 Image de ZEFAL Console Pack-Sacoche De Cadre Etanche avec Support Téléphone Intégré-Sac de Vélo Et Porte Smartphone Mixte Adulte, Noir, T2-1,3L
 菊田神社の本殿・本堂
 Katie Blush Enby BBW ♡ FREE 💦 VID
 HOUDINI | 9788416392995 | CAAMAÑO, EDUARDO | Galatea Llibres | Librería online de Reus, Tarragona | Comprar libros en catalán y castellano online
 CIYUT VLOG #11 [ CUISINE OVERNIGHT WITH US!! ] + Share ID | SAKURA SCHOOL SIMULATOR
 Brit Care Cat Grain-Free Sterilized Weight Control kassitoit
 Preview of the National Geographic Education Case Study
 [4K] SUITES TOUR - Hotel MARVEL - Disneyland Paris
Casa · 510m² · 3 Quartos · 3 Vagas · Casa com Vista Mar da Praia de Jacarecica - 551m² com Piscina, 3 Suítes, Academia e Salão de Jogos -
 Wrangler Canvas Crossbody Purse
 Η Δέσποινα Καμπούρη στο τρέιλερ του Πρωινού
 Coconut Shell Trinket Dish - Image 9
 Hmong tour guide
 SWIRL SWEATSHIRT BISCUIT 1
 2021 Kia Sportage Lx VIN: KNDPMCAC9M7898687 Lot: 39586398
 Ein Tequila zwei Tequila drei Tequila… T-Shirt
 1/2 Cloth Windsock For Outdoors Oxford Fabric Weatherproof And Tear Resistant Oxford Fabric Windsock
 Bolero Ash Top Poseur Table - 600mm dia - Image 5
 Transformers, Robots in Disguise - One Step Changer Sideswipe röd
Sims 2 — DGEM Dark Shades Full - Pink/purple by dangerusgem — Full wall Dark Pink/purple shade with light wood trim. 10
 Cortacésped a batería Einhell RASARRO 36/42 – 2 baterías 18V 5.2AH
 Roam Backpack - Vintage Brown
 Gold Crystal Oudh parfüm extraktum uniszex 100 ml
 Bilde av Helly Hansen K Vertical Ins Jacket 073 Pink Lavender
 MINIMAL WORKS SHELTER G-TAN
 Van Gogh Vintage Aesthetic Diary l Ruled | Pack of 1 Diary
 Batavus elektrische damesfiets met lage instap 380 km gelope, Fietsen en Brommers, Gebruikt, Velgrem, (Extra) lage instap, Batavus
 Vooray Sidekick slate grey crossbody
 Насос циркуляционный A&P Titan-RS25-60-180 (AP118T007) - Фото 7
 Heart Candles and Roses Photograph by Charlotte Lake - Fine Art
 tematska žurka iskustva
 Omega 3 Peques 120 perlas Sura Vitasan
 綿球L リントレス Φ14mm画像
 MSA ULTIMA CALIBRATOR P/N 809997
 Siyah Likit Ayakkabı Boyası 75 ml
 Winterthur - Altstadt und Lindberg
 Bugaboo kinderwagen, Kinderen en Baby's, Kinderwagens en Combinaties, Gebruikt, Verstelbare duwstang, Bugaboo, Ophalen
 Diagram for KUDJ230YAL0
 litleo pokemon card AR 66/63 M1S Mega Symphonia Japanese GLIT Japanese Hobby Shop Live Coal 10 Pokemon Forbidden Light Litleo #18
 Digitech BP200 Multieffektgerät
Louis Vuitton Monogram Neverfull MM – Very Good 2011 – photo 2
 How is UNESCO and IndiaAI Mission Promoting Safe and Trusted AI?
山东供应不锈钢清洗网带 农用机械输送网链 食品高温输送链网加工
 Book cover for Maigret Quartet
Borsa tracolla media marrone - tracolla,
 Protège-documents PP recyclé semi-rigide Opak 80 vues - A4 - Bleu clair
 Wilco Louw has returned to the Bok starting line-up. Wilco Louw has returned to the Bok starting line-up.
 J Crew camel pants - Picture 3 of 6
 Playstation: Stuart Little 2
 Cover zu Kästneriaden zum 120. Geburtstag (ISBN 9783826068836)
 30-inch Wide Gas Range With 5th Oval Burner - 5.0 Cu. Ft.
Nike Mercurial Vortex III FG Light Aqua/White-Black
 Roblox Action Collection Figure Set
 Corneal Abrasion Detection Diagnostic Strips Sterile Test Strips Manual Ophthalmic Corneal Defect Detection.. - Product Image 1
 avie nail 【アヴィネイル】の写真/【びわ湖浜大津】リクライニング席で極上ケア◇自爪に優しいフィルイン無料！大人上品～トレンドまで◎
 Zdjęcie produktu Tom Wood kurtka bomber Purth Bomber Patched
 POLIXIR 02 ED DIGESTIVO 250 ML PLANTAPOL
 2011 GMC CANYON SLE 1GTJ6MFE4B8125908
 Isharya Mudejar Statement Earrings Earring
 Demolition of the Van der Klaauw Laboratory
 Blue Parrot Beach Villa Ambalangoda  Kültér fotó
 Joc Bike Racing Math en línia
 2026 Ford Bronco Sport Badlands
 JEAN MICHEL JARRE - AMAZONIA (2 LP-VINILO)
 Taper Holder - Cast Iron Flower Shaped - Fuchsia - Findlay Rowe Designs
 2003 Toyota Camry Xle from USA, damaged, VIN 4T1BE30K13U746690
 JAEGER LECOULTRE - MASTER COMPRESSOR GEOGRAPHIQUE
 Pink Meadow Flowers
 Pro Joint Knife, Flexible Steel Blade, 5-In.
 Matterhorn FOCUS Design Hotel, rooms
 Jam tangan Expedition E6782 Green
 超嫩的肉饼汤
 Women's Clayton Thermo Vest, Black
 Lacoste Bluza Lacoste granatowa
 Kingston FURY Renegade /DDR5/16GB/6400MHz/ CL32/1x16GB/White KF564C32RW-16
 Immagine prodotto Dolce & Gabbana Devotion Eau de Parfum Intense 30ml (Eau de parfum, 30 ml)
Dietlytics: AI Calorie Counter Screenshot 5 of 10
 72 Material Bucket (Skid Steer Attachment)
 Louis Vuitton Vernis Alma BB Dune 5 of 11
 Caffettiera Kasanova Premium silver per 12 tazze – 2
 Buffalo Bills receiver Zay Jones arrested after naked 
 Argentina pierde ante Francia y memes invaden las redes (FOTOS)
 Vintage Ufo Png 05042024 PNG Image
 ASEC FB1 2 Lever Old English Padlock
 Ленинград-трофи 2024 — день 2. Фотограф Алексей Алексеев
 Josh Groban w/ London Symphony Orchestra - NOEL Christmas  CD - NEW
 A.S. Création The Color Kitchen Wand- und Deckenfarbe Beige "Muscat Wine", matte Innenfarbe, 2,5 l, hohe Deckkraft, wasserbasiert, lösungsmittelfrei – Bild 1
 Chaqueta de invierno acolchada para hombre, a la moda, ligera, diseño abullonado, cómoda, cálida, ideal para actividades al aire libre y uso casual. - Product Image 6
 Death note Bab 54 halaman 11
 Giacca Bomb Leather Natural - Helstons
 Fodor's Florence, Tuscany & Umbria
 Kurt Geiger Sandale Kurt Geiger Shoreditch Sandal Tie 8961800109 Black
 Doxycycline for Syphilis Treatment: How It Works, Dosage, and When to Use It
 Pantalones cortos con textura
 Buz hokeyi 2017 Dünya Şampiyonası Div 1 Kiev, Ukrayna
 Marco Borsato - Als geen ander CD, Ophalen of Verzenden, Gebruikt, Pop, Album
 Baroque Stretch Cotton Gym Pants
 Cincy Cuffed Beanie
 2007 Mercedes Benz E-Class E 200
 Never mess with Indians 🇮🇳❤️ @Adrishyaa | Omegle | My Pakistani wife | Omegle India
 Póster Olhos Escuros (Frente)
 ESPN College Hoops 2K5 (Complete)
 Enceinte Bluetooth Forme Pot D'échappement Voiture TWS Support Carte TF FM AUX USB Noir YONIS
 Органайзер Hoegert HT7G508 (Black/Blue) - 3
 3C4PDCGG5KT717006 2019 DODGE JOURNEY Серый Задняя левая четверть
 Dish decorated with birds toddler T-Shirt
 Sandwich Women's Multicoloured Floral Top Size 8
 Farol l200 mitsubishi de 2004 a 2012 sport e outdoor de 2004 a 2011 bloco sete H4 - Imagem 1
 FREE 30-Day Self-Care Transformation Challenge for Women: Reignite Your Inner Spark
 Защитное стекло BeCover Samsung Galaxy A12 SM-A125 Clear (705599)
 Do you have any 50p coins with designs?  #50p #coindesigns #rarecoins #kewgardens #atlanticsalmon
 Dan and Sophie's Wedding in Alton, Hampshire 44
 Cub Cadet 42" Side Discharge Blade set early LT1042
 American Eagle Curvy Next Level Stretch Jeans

═══

Exercise objective: Give the number of lines in the listing that contain the word "Vintage", leaving out all other words.

Answer to the exercise: 3